The technology gives high yield and has high impact in the sustainable jobs space.
The Government of Ghana through the National Entrepreneurship and Innovation Plan (NEIP) hopes to create 10,000 jobs through the establishment of 1,000 greenhouse projects over a four-year period.
According to Mr Franklin Owusu-Karikari, Director of Business Support, NEIP, the project was part of the effort to create jobs for the youth and to increase food production.
NEIP has targeted to create 10,000 direct jobs, 10 sustainable jobs per dome, and also 4,000 indirect sustainable jobs through the production of raw materials and installation of greenhouse domes.
The project would also go a long way to transfer skills and new technology in fruits and vegetable production as well as improved standards in farming and marketing of fruits and vegetables.
Beneficiaries of the NEIP greenhouse farming project would be trained for two years in its management before it would be handed over to them.
According to NEIP, so far 75 greenhouse domes had been constructed at the Dawhyenya.
NEIP is a flagship policy initiative of the government with the primary objective of providing an integrated national support for start-ups and small businesses.

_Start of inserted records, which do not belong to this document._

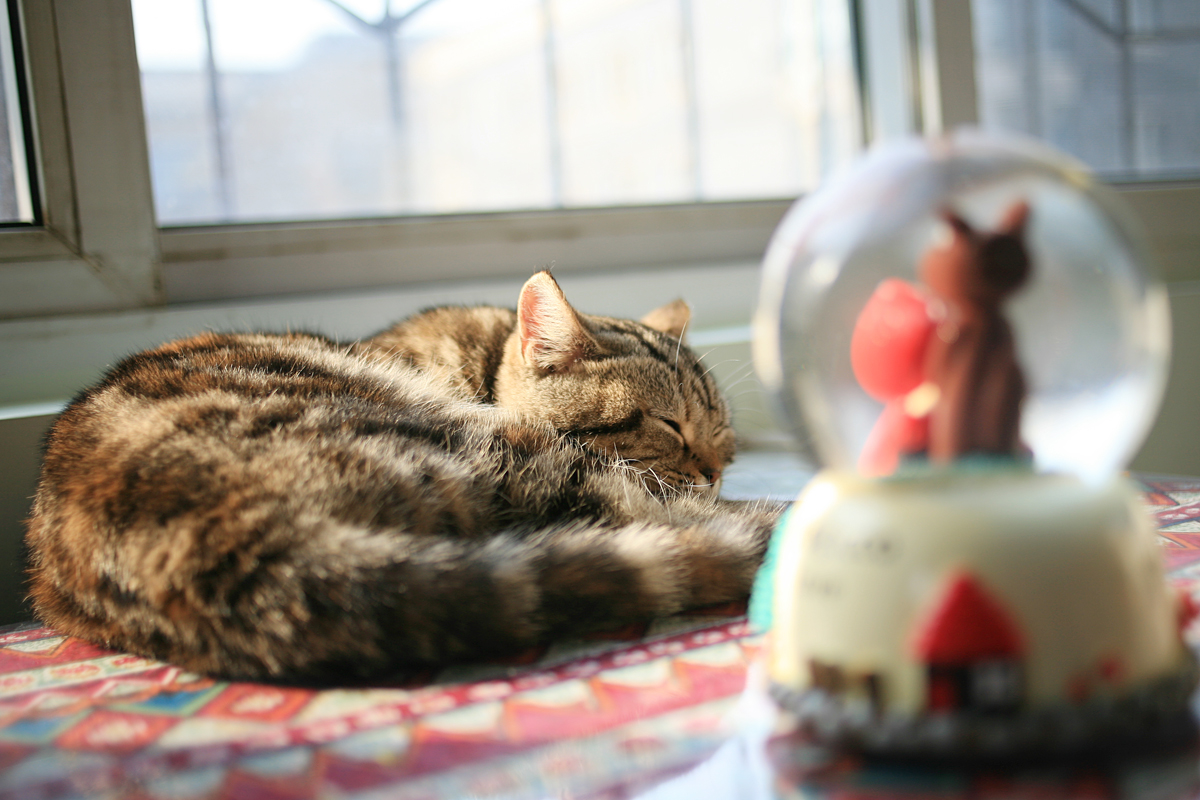 什么光炯炯成语_成语故事图片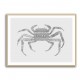 Crab Grey Poster Grey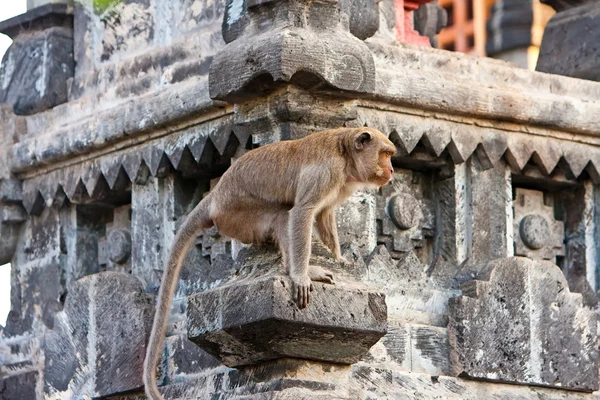 Bali, Indonesië. apen in de tempel. — Stockfoto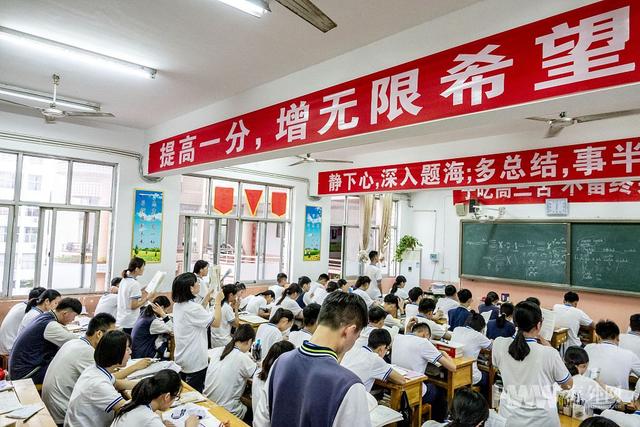 「你的育儿经」儿子，放下手中的笔，看看明媚的春光吧！妈妈真怕你变呆傻了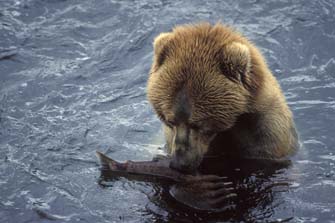 Grizzly Bear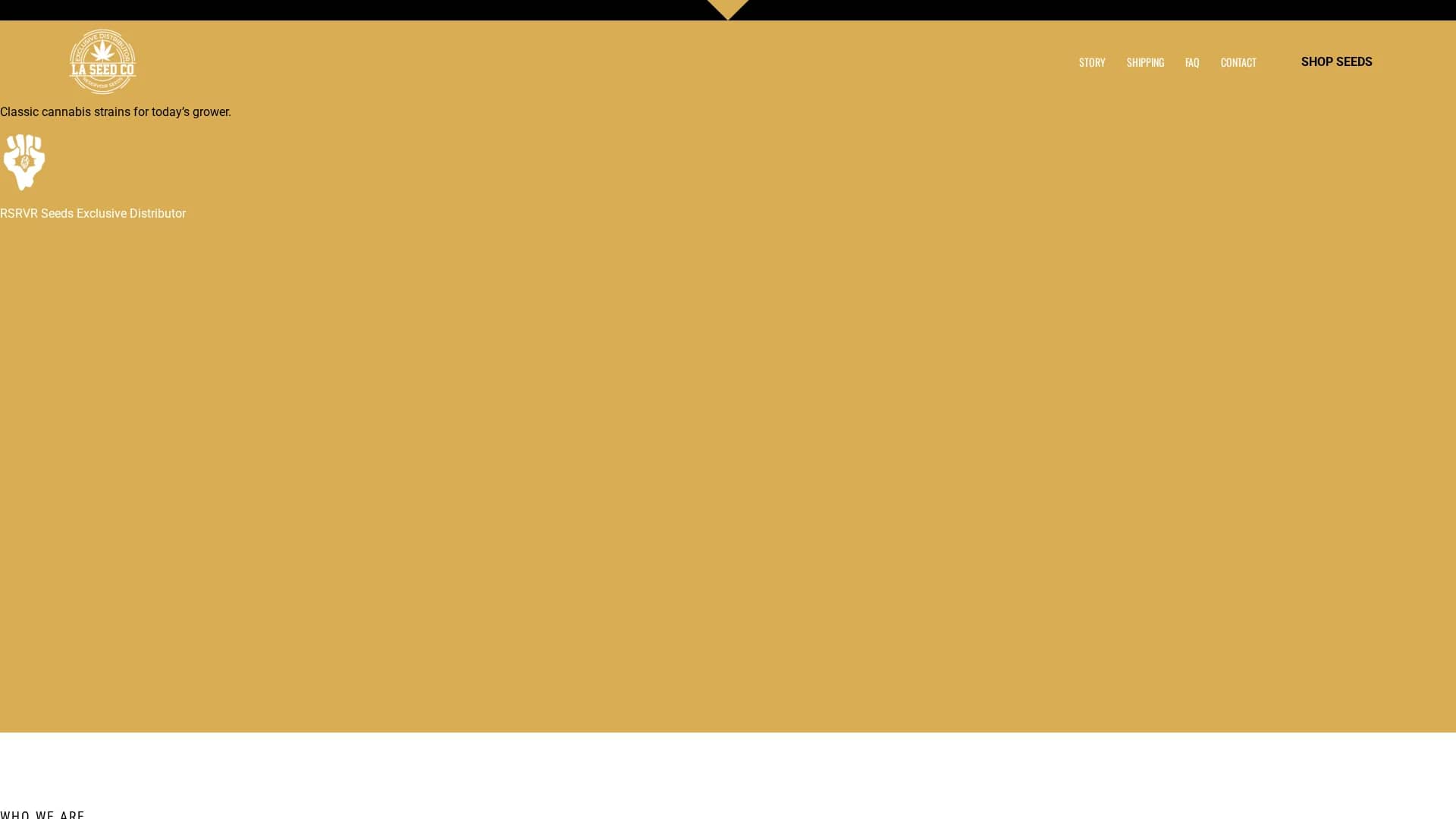 magician-figma homepage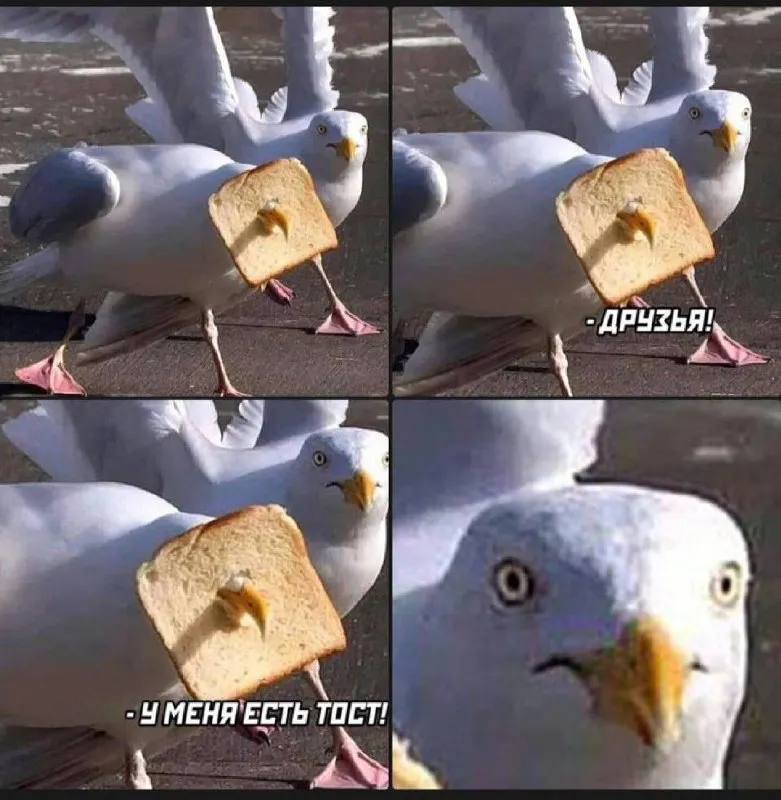 Untitled meme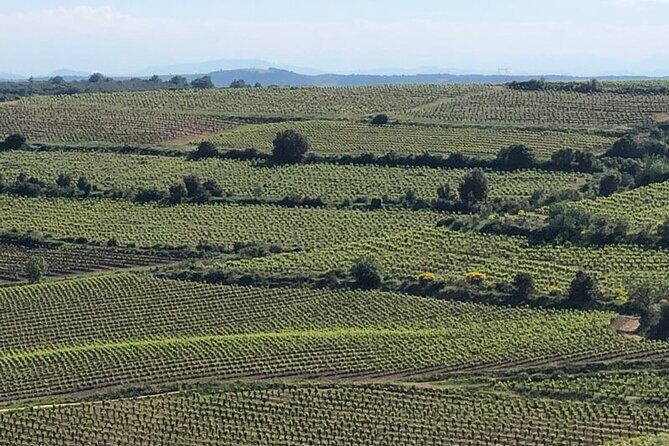 Wine Tours and Tastings from Béziers - Who Should Consider This Tour?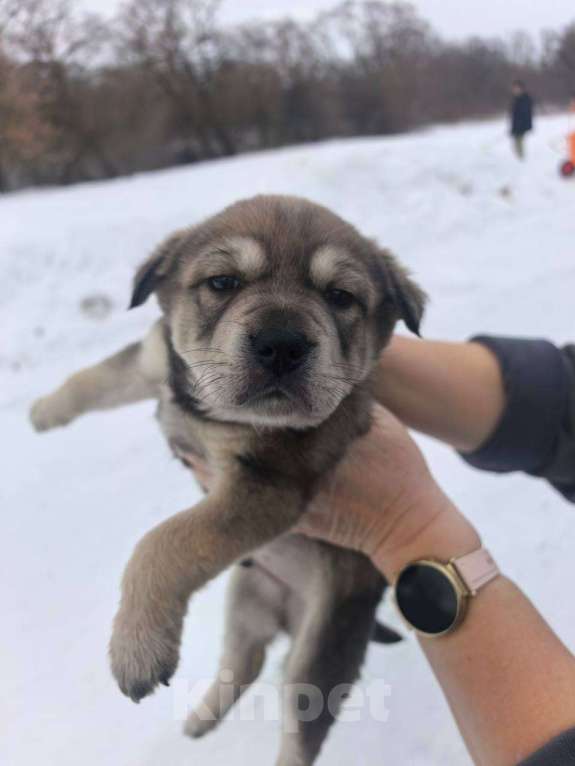 Собаки в Лебедяни: В добрые руки Мальчик, Бесплатно - фото 1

In this era of climate change coupled with the increasing demand for land for estate development at the expense of farmlands, greenhouse farming is the way forward to boost agriculture in Africa.
Vegetable production would gain momentum to meet the demand of both local and foreign markets, if African Governments’ give much attention to the promotion of greenhouse farming technology.
To ensure a successful implementation of the technology, there is the need for massive investment and capacity building of the research institutions and farmers.
Professor Eric Y. Danquah, Founding Director, West Africa Centre for Crop Improvement (WACCI), University of Ghana, speaking at the opening of a two-day workshop on demand-led plant variety design, which was organised by Centre, said high-quality research was needed to improve food and nutrition security in the West African sub-region.
He added that there was the need to rebuild agricultural research capacity in the sub-region to develop our institutions into Centres of Excellence for agricultural innovation for quality research – development of game changing products for the transformation of agriculture in West and Central Africa.
Greenhouse farming is a powerful technology that governments could use to attract the many unemployed youth into agriculture, thereby enabling them to contribute their quota to the continent’s socioeconomic development.
The economy of countries like the Netherlands and Brazil are doing marvellously well, due to the thriving greenhouse farming technology.
According to the latest report from the United Nations’ Food and Agriculture Organisation, 233 million people in sub-Saharan Africa were undernourished in 2014-16.
This hunger situation can be reversed if African governments invest massively in agriculture and agricultural research and capacity building.
Africa cannot afford to be left behind in this era of technological advancement in agriculture, and the way to go is greenhouse farming.